> _AVAILABLE DATA_
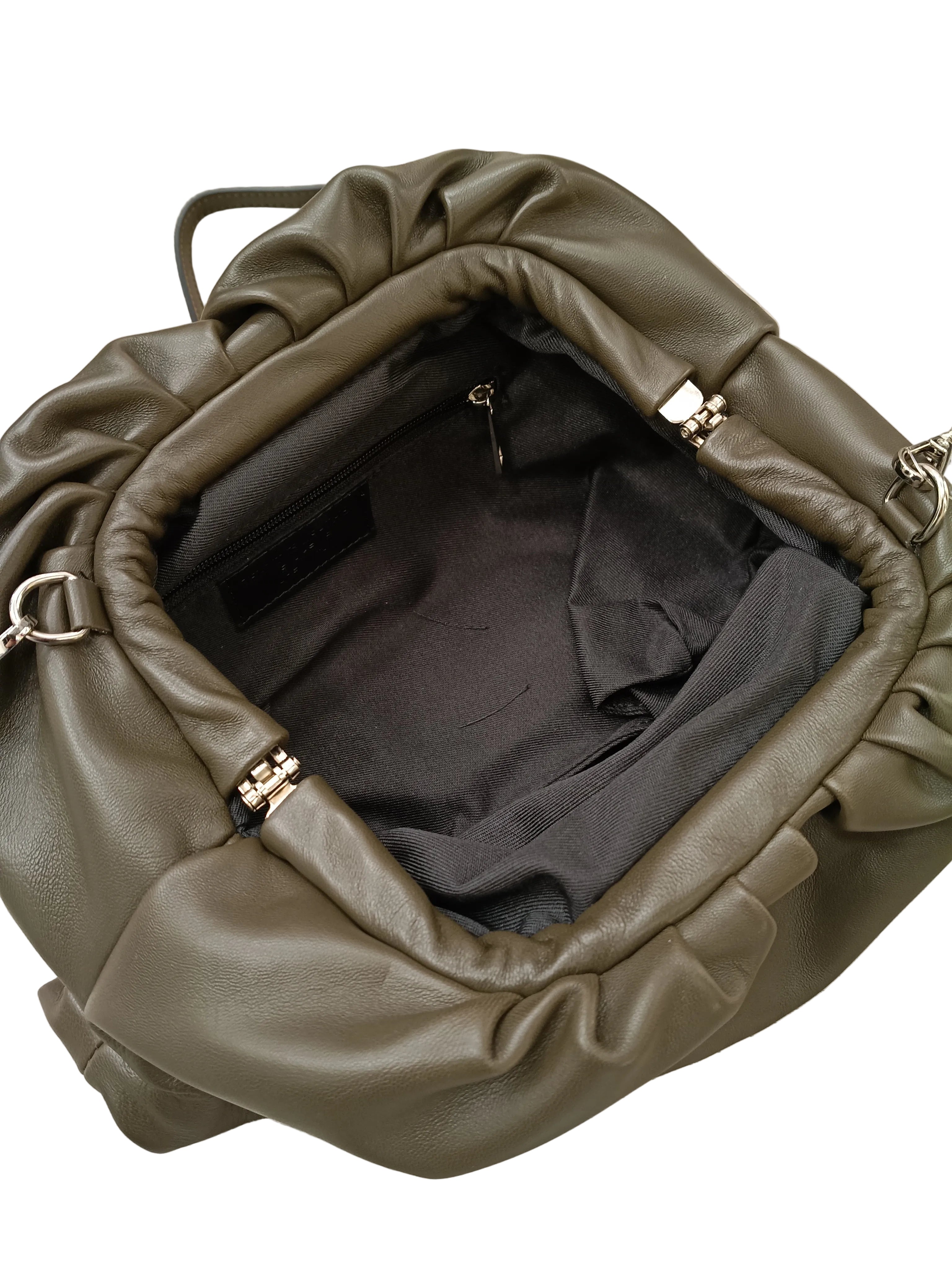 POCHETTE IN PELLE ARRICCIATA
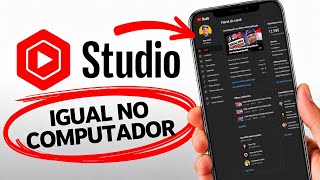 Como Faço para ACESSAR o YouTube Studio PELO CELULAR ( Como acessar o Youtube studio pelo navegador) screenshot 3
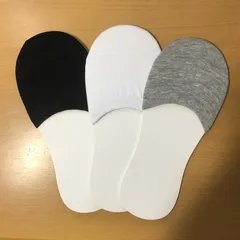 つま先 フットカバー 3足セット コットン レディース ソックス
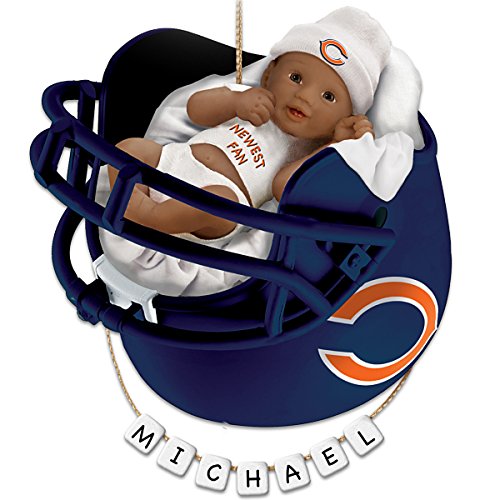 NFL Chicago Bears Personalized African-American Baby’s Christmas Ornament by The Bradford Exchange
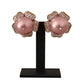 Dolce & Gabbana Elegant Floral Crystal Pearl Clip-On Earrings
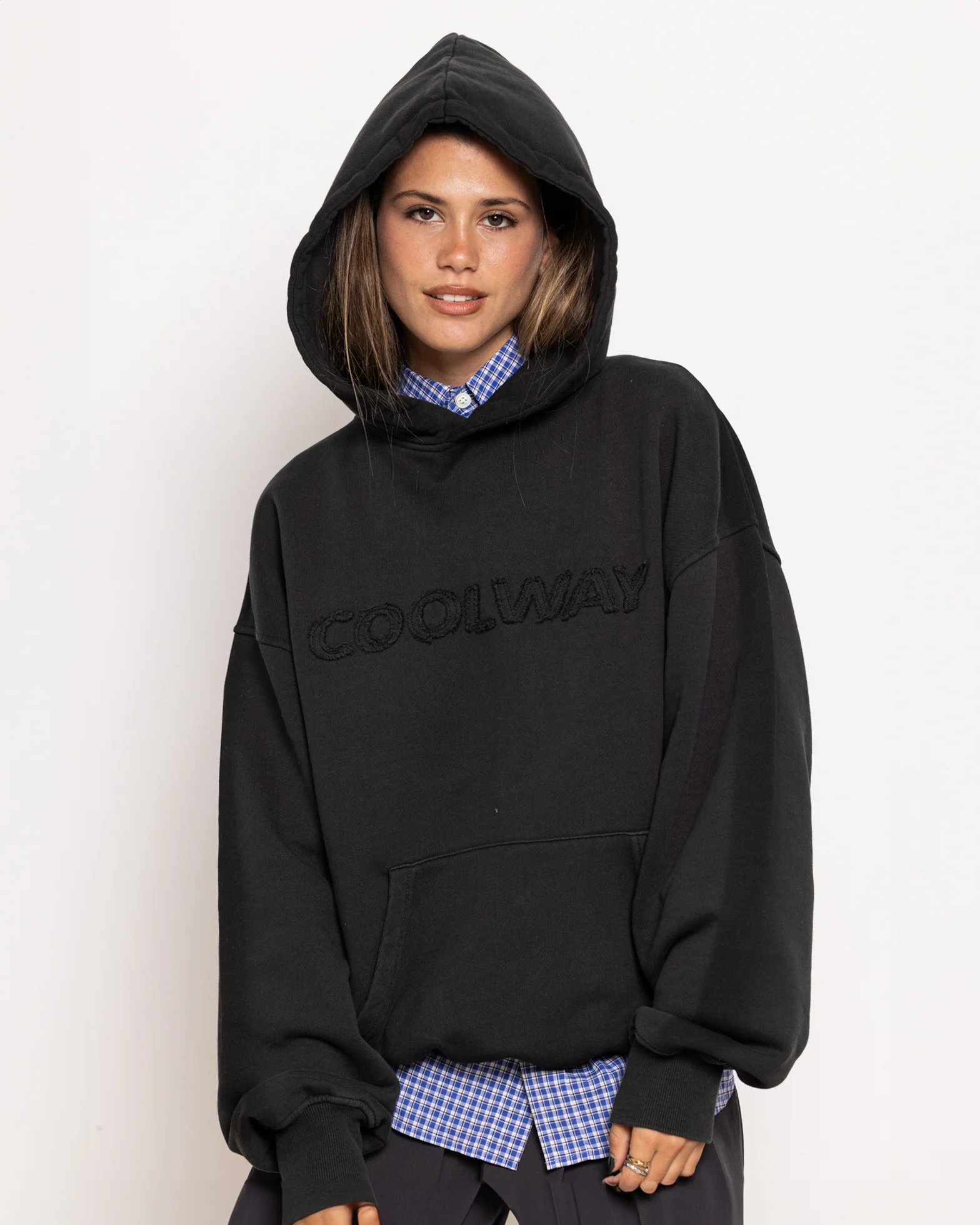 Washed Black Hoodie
--
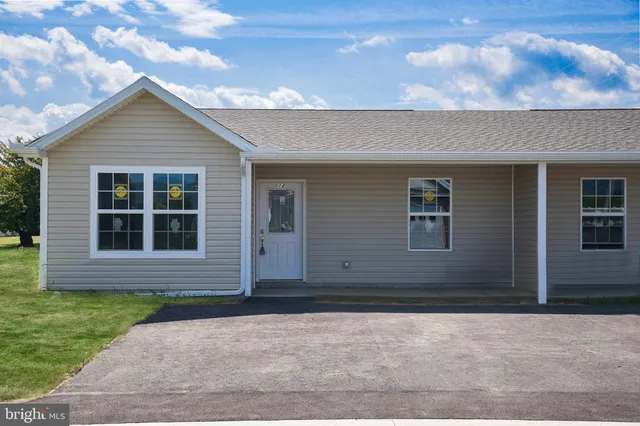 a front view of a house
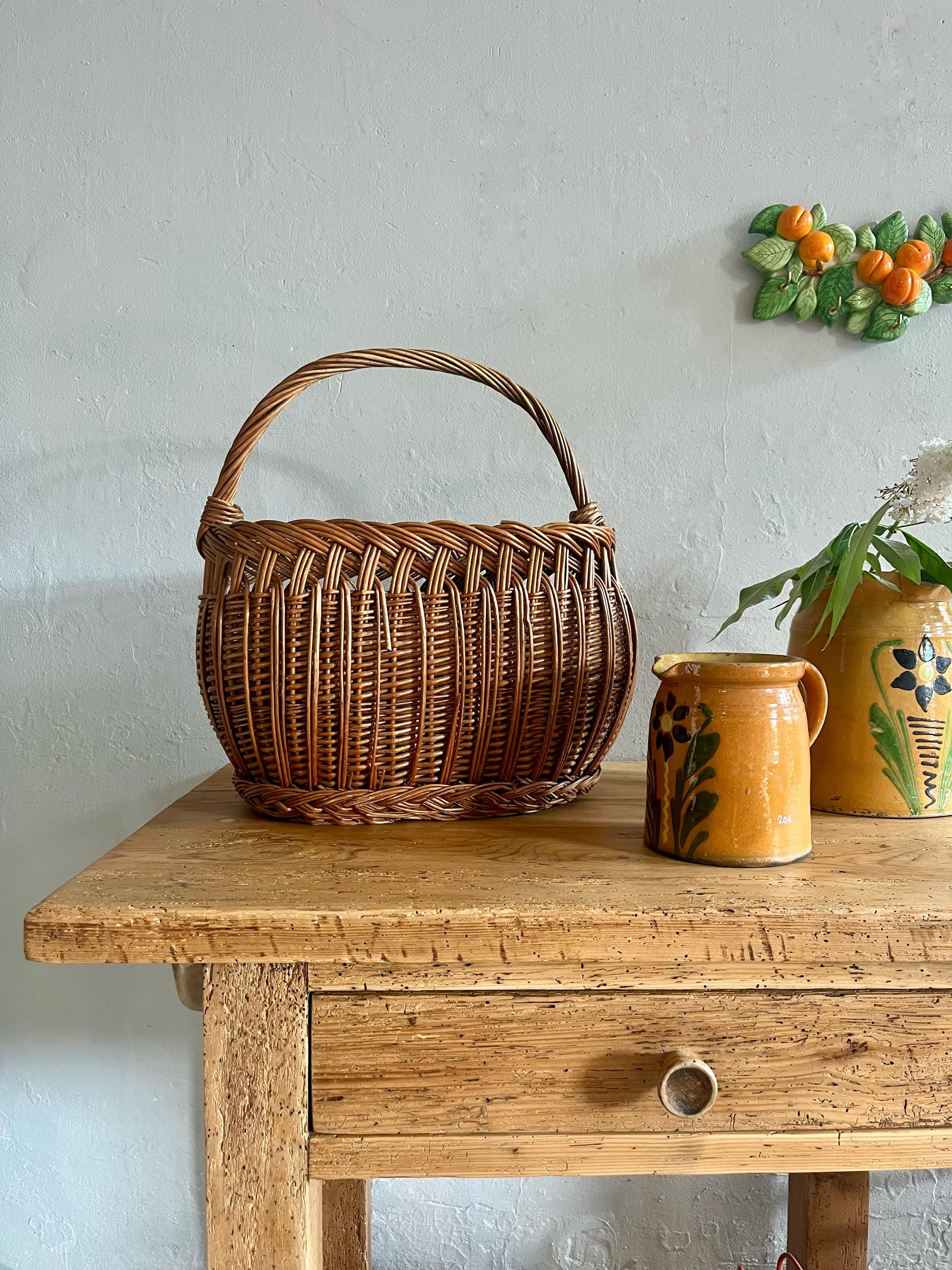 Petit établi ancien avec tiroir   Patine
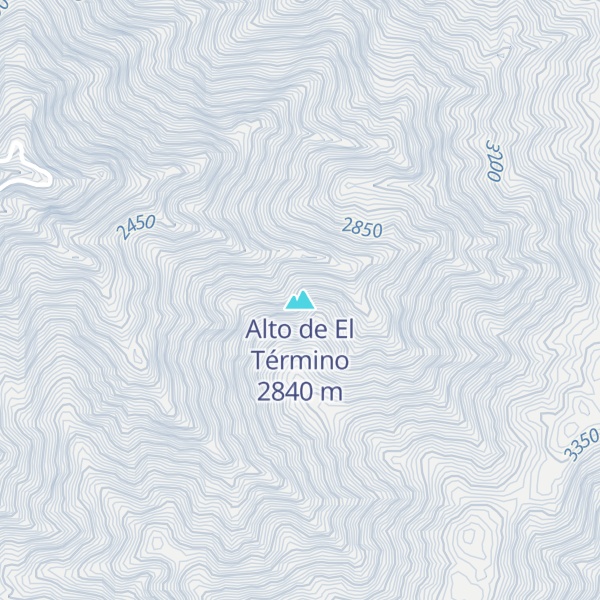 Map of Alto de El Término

> _WORK INSTRUCTION_
Go down the entries above from the line containing "NFL Chicago Bears" to the line containing "Washed Black Hoodie" and write out each line exactly, leaving pictures out.

> _YOUR SOLUTION_
 NFL Chicago Bears Personalized African-American Baby’s Christmas Ornament by The Bradford Exchange
 Dolce & Gabbana Elegant Floral Crystal Pearl Clip-On Earrings
 Washed Black Hoodie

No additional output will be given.